Galataport’a Bakmak
“O hayata devam edecek gücü bulamazken, ulus hiçbir şey olmamış gibi yoluna devam eder. O yaralarını saracak gücü kendinde bulamazken, toplum zamanın er ya da geç yaraları saracağına inanır. O geleceğe bakabilme yeteneğini yitirmişken, toplum gözünü çoktan yarınlara çevirmiştir.” (Nurdan Gürbilek, İkinci Hayat)

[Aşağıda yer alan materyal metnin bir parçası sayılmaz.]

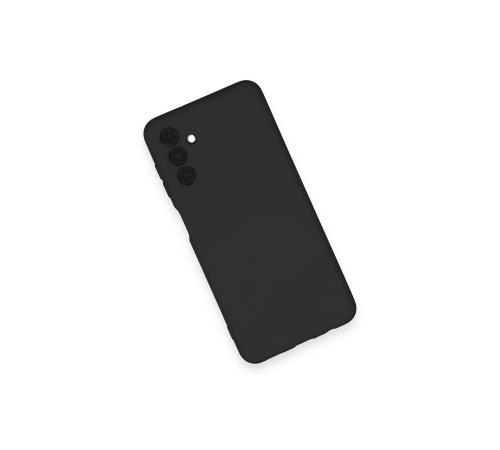 Samsung Galaxy A14 4G Kılıf Nano içi Kadife Silikon - Siyah Samsung Galaxy A14 4G Kılıf Nano içi Kadife Silikon - Siyah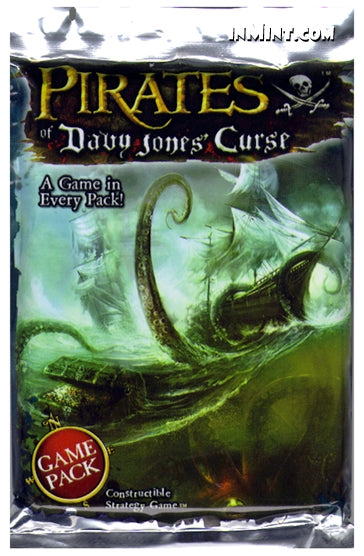 Pirates of Davy Jones Curse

İstanbul’un yeni cazibe merkezlerinden biri olması hedeflenen Galataport, aynı zamanda Kültür ve Turizm Bakanlığı’nın hazırladığı “Beyoğlu Kültür Yolu Planı”nın da ilk durağı. Sahil şeridini Taksim Meydanı’na ve Atatürk Kültür Merkezi’ne bağlayan bu yeni rotanın hazırlıkları hız kesmeden devam ediyor. İstanbul’un kültür endüstrisi için önemli bir yatırım olarak kabul edilen Galataport’un, Karaköy’ün ara sokaklarının “yeni” dokusunu desteklemesi ve buradaki kültürel tüketimi teşvik etmesi hedefleniyor. Ancak bugünlerde heyecan yaratan proje muhtemelen bir süre sonra önünden geçerken uğranılan sıradan bir mekân haline gelecek. Kullandığımız metrolar, yaşadığımız evler, giydiğimiz kıyafetler, yediğimiz yemekler, gittiğimiz AVM’ler gibi iş cinayetleri ile önümüze gelen diğer şeylerin arasına karışacak. Galataport’u denizden gören ve aynı fotoğrafa ait parçalardan oluşan kolaj çalışması İstanbul’un farklı yerlerinde çok sık karşılaştığımız görsel detayları ön plana çıkararak bu karışma sürecine odaklanmaktadır.